International Journal of
Sociology and Anthropology

  • Abbreviation: Int. J. Sociol. Anthropol.
  • Language: English
  • ISSN: 2006-988X
  • DOI: 10.5897/IJSA
  • Start Year: 2009
  • Published Articles: 334

Full Length Research Paper

Water spirits and the conservation of the natural environment: A case study from Zimbabwe

Collis Garikai Machoko
  Huntington University, Ramsey Lake Road, Sudury Ontario P3E 2C6, Canada.
Email: [email protected]

  •  Accepted: 13 August 2013
  •  Published: 30 November 2013

Abstract

 

Currently in Zimbabwe, there is serious environmental degradation. This work advocates that the traditional and modern approaches to natural environmental conservation could be integrated into a new conservation paradigm. Such integration would help restore to the Zimbabwean psyche a reverence for water spirits and a respect for the sacredness of the natural environment. The research finding shows that there were tensions between the natural environmental conservation approaches of Shona African Traditional Religion (ATR) devotees and Zimbabwean western modernity adherents. The finding also shows that the disdain for and rejection of water spirits contributed to the environmental failure.
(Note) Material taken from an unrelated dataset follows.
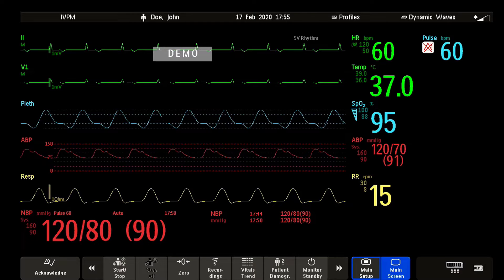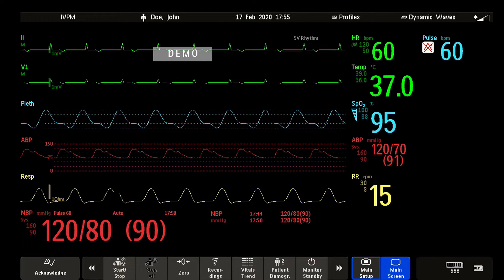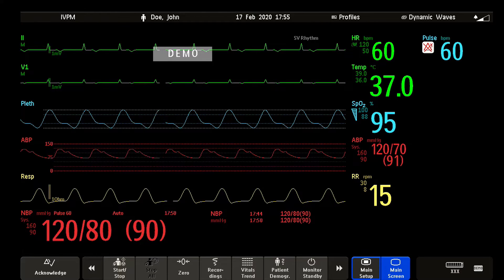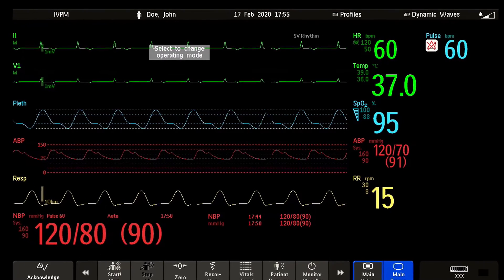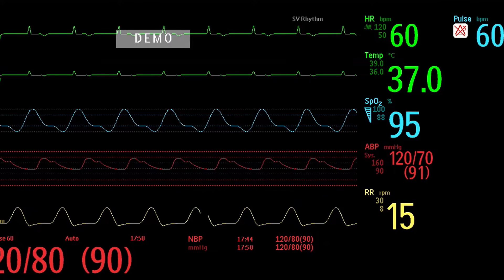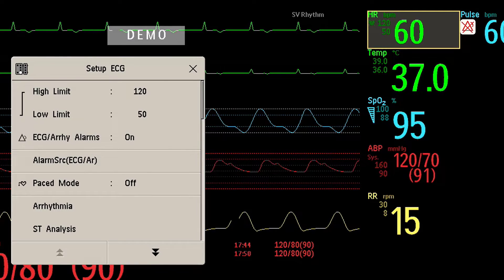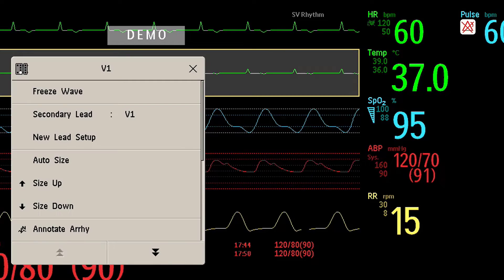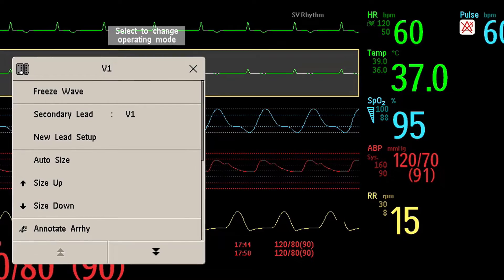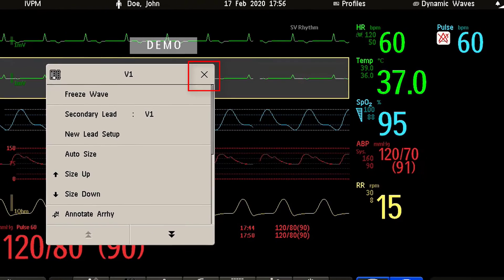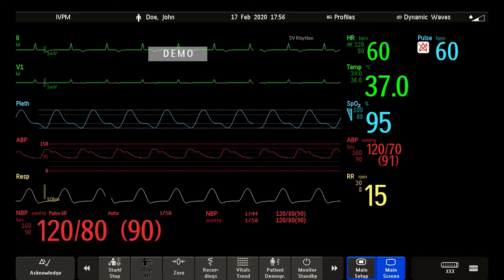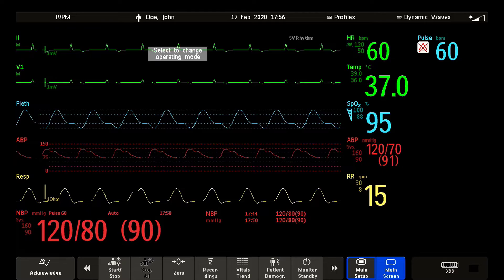Now that you know all the different screen areas, it is time to discover how you can operate on the screen. It's a touch screen — directly select the screen element you need. For example, select the heart rate numeric to call up the ECG setup menu, or select the ECG wave segment to call up the ECG lead menu. To close the menu, use either the X on the top right corner of the window or the main screen key below your screen. Note that you don't need to close a window before you can open another one — simply select another screen element.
In a mechanistic model of the natural environment, the power and authority of water spirits in Zimbabwe have been usurped by western modernity. The majority of Zimbabweans in their thinking and action encouraged and promoted the western mind set in determining how the natural environment could be protected, treated, and managed without respecting water spirits. The conclusion was that for over a century now, Zimbabwean attitudes towards water spirits and the natural environment gradually moved from one of intimate relationship and contact to one of alienation and disengagement because of the use of a rationalistic modernity approach which appeared to have little room for the respect of water spirits.

 

Key words: Environment, modernity, integration, spirit, technology, water.